米国宇宙軍は、デブリの軌道を追跡し、ISSへの脅威は一時的なものと判断したが、乗組員の安全を最優先し、避難措置を取った。
ISS乗組員の避難と影響
ISSに滞在していたのは、米国人4人、ロシア人2人、ドイツ人1人の計7人。彼らはソユーズ宇宙船とクルードラゴン宇宙船に避難し、約2時間後に通常の活動に戻った。NASAは、デブリがISSに衝突する確率は低いと評価していたものの、予防措置として避難を指示した。
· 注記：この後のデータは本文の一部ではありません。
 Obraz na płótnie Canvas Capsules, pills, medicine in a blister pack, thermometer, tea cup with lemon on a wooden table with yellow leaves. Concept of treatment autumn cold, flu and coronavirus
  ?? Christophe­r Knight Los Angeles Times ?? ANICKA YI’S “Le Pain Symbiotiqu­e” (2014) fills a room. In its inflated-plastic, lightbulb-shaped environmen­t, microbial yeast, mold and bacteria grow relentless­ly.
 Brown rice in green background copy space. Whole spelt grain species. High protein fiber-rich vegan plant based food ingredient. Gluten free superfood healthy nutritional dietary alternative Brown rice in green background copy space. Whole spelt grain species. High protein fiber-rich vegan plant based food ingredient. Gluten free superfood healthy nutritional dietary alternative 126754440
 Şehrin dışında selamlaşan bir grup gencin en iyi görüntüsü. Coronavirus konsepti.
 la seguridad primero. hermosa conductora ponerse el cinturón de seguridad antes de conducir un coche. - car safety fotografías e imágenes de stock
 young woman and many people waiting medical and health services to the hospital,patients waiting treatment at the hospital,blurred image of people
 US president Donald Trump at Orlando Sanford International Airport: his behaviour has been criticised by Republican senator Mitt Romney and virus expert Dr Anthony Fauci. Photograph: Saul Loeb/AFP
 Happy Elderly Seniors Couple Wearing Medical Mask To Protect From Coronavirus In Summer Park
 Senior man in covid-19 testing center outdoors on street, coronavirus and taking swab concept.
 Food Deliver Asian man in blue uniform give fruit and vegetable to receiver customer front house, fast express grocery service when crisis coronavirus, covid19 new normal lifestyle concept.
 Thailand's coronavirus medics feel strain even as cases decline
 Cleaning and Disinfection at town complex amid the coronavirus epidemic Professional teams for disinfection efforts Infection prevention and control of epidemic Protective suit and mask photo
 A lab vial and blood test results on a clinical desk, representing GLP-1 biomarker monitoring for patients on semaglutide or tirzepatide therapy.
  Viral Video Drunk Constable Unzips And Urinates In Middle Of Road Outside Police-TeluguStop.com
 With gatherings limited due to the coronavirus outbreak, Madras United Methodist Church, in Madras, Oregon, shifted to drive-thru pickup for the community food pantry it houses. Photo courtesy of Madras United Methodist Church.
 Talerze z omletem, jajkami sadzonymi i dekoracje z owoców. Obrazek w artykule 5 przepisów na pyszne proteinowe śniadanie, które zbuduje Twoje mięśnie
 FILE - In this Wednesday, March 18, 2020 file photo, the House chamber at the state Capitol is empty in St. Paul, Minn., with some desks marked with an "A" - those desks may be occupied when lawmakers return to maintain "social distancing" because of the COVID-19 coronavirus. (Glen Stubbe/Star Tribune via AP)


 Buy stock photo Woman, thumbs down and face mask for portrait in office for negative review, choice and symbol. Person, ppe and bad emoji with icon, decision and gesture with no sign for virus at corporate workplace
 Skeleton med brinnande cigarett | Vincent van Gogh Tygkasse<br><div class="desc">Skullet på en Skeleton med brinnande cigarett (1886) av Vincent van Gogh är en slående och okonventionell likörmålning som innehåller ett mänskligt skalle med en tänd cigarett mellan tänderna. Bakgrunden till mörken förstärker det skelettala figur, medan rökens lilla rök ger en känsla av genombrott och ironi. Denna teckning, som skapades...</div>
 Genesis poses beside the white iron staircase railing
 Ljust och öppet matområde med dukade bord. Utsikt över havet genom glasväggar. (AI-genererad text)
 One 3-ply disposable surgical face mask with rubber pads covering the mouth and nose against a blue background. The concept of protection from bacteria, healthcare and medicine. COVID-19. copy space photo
この実験により、宇宙空間のデブリ問題が再び注目されている。宇宙デブリは高速で移動し、たとえ小さな破片でも衝突すれば致命的な損傷を与えかねない。国際社会では、宇宙活動の持続可能性を確保するためのルール作りが進められているが、今回のロシアの行動はその取り組みに逆行するものだ。
国際的な反応と今後の課題
米国に加え、英国やカナダなどもロシアを非難。一方、ロシア国防省は実験の成功を発表し、デブリがISSに脅威を与えることはないと主張している。しかし、専門家はデブリの長期的な影響を懸念しており、宇宙空間での軍事活動の拡大に警鐘を鳴らしている。
宇宙デブリの増加は、将来の宇宙探査や人工衛星の運用に深刻なリスクをもたらす。国際的な規制の強化が求められる中、今回の事件は宇宙の平和利用をめぐる議論をさらに活発化させそうだ。